DATA SUPPLIED:
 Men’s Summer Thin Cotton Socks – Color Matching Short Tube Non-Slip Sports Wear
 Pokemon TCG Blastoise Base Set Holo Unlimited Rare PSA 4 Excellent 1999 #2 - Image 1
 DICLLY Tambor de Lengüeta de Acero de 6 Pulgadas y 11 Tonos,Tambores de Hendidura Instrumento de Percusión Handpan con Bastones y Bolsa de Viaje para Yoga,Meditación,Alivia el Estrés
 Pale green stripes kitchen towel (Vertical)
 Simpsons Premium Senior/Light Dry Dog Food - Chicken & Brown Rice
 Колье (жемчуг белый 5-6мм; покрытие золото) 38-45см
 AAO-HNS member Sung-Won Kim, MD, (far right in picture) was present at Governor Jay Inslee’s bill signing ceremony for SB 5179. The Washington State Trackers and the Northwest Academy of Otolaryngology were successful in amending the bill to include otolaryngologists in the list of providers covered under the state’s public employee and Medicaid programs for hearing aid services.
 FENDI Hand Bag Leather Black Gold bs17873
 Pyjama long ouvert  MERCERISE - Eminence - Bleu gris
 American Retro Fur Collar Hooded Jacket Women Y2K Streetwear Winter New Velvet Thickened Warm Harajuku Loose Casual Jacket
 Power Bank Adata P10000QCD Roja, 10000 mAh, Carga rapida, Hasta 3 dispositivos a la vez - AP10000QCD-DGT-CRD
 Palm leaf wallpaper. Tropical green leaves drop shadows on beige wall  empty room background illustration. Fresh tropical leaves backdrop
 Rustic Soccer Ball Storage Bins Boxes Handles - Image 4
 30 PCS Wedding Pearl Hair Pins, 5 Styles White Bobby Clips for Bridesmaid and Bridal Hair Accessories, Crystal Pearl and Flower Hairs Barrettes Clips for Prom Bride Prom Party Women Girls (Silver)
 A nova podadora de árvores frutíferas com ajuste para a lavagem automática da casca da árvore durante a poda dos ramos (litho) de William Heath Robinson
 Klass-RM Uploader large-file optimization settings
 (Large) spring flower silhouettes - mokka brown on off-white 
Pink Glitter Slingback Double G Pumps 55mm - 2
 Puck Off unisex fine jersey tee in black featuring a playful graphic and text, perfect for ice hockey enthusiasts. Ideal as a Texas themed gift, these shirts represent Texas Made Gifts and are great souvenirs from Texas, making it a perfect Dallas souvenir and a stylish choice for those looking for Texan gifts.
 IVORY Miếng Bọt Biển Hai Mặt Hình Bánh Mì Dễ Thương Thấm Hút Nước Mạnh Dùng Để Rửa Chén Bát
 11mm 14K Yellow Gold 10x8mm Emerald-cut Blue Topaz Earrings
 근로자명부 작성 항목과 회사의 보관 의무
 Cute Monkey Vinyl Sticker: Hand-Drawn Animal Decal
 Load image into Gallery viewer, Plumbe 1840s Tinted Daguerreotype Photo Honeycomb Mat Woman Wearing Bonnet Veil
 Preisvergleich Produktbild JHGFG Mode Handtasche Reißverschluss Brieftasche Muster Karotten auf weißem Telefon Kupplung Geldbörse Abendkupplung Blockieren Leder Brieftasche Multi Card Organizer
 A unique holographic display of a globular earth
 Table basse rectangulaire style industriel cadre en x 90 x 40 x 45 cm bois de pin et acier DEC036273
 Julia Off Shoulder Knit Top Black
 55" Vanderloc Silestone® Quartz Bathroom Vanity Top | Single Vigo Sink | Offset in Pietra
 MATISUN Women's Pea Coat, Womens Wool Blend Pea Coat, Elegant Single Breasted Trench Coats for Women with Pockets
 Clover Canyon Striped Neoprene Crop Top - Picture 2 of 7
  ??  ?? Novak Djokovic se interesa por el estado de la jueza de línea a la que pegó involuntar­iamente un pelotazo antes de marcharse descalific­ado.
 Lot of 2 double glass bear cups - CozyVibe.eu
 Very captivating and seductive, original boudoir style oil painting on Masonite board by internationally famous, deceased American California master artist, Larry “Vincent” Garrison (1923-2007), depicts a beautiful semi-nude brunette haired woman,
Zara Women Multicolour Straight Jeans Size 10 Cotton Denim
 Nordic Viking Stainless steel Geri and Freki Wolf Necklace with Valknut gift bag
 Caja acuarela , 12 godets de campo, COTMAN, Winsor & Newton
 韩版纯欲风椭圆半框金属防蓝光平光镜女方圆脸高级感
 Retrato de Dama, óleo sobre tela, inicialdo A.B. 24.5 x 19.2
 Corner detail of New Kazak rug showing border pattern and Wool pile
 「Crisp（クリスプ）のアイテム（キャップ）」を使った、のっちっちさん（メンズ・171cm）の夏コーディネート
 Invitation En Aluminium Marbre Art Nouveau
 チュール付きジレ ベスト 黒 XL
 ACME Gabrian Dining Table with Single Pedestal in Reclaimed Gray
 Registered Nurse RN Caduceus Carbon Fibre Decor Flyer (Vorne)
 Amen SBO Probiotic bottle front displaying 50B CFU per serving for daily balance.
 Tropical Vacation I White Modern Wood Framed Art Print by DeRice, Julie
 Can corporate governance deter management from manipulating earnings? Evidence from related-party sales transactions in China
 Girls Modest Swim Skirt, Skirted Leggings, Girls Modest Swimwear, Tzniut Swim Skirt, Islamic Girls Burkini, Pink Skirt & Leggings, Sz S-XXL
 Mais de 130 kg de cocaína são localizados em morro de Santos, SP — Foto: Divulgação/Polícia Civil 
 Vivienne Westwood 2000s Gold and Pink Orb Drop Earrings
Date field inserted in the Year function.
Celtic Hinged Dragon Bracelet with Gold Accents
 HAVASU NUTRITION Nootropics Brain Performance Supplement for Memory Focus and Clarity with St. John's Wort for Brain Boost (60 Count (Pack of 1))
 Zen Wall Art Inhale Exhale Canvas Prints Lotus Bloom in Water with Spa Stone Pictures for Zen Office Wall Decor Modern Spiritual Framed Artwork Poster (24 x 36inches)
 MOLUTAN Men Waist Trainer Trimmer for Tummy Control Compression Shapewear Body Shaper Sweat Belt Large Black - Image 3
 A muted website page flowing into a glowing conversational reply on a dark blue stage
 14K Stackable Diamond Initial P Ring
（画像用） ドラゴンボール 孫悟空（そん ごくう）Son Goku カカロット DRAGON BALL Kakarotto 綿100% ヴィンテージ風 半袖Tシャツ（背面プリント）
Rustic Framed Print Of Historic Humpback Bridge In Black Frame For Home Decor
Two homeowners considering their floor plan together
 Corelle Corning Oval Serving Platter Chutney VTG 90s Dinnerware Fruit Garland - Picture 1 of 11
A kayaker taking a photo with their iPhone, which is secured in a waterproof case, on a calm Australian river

TASK DETAILS:
Go through the data line by line and work out how many lines contain "green". Give only that number.

EXERCISE RESPONSE:
2